→ **Task statement**:
Please restate all of the records word for word, setting the pictures aside.

→ **Source information**:
_ _ _ _ _

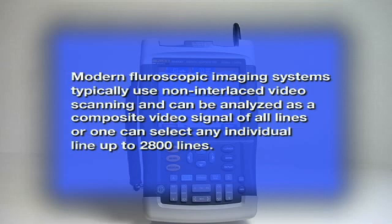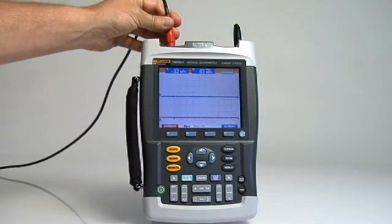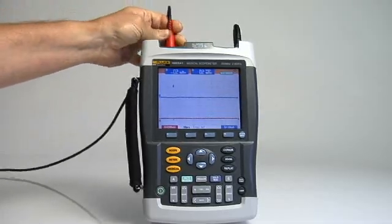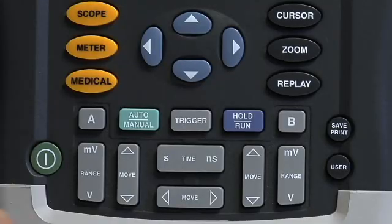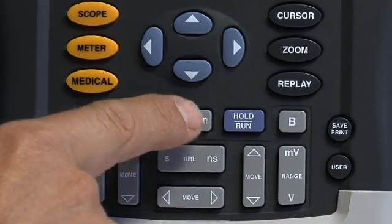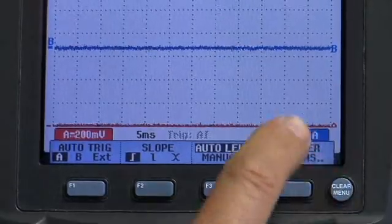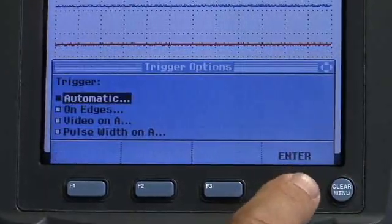Start by applying a video signal to input A. While in scope mode, depress the gray trigger button, next select trigger options on the menu bar and toggle to video on A.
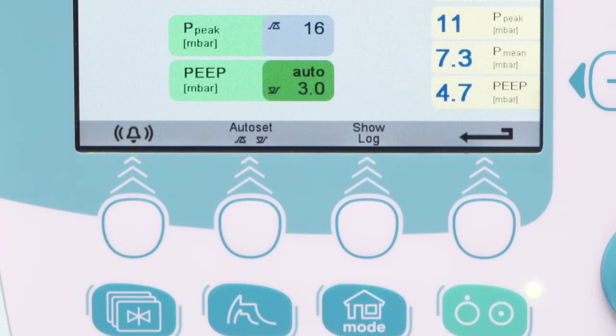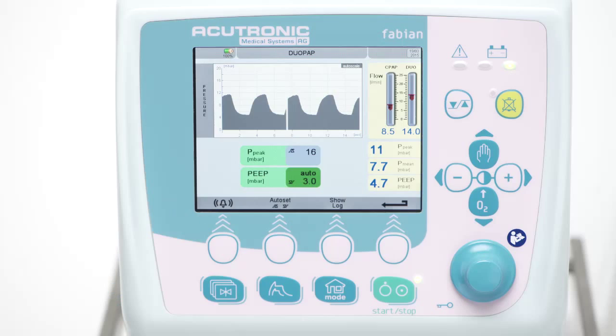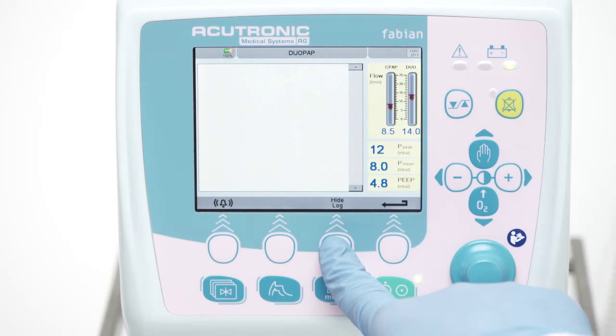A log of warnings and alarm events, if any, including date and time of recording, is available by pushing the show log button.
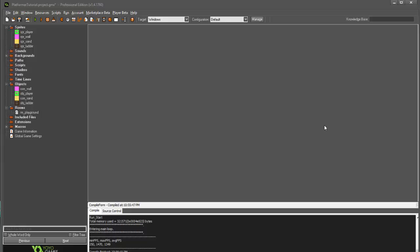Hey guys, I'm GMLWaffle, and welcome back to part 3 of our platformer series.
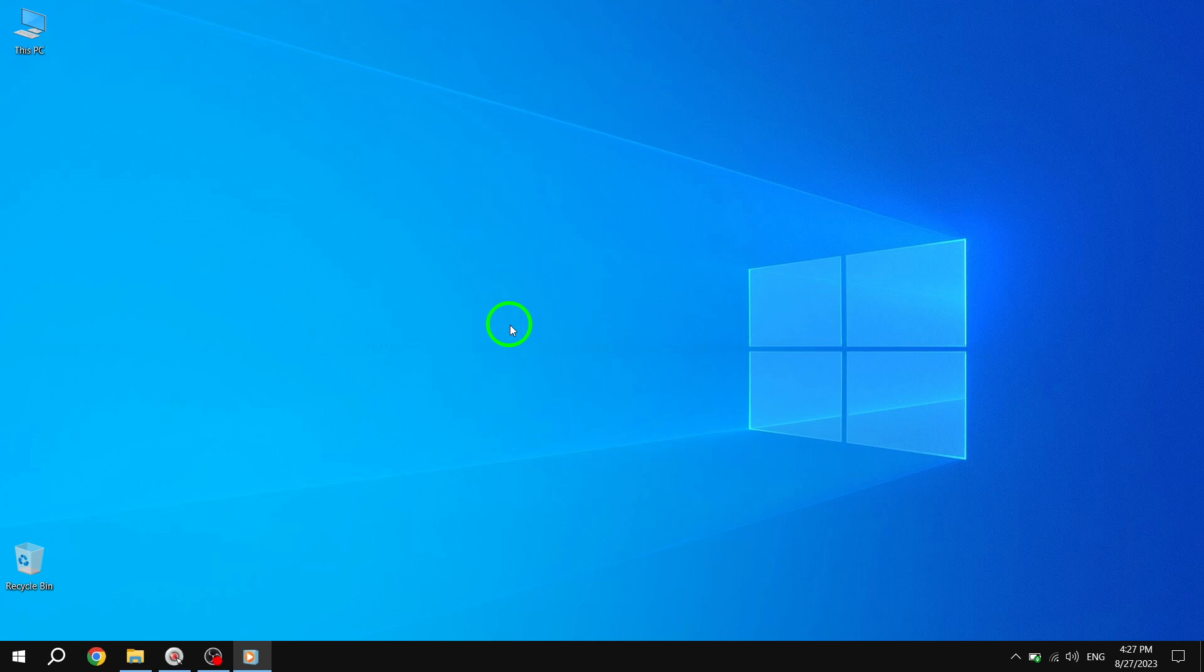Welcome back to our channel. Today we'll show you a handy trick in Windows 10, how to pin sticky notes to the taskbar. If you're someone who relies on sticky notes to keep track of important reminders and tasks, this tutorial is for you. Let's dive in.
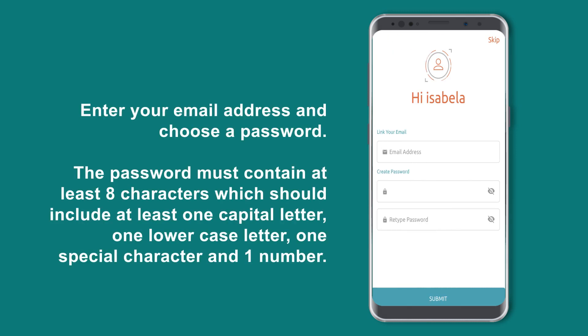Enter your email address and choose a password. The password must contain at least 8 characters, which should include at least one capital letter, one lowercase letter, one special character, and one number.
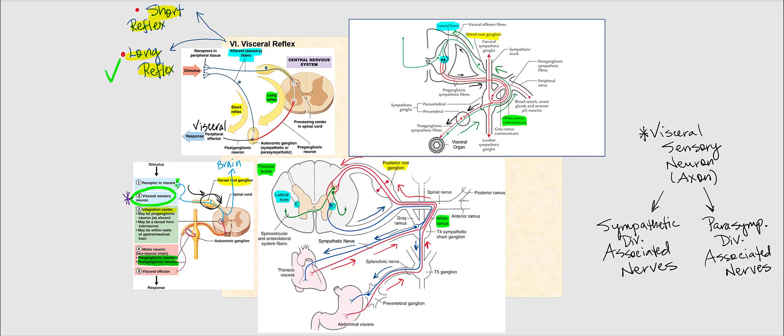The reason it's called a long reflex is because we involve the central nervous system — the brain or the spinal cord. If we did not involve the central nervous system, it would be classified as a short reflex. In a short reflex, the actual processing occurs at the level of the organ or tissue. A good example of a short reflex is the enteric nervous system, the ENS.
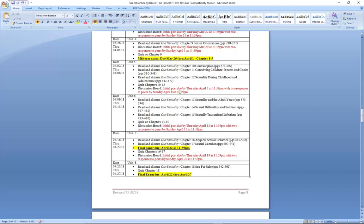In unit six, you again have quizzes, a discussion post, and your reading. Under unit seven, your final paper is due. I told you that you will see a copy of an example paper on the Getting Started page of your course, which will give you an idea of what your paper should look like when writing in APA format.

_ _ _ _ _

→ **Written answer**:
Start by applying a video signal to input A. While in scope mode, depress the gray trigger button, next select trigger options on the menu bar and toggle to video on A.
A log of warnings and alarm events, if any, including date and time of recording, is available by pushing the show log button.
Hey guys, I'm GMLWaffle, and welcome back to part 3 of our platformer series.
Welcome back to our channel. Today we'll show you a handy trick in Windows 10, how to pin sticky notes to the taskbar. If you're someone who relies on sticky notes to keep track of important reminders and tasks, this tutorial is for you. Let's dive in.
Enter your email address and choose a password. The password must contain at least 8 characters, which should include at least one capital letter, one lowercase letter, one special character, and one number.
The reason it's called a long reflex is because we involve the central nervous system — the brain or the spinal cord. If we did not involve the central nervous system, it would be classified as a short reflex. In a short reflex, the actual processing occurs at the level of the organ or tissue. A good example of a short reflex is the enteric nervous system, the ENS.
In unit six, you again have quizzes, a discussion post, and your reading. Under unit seven, your final paper is due. I told you that you will see a copy of an example paper on the Getting Started page of your course, which will give you an idea of what your paper should look like when writing in APA format.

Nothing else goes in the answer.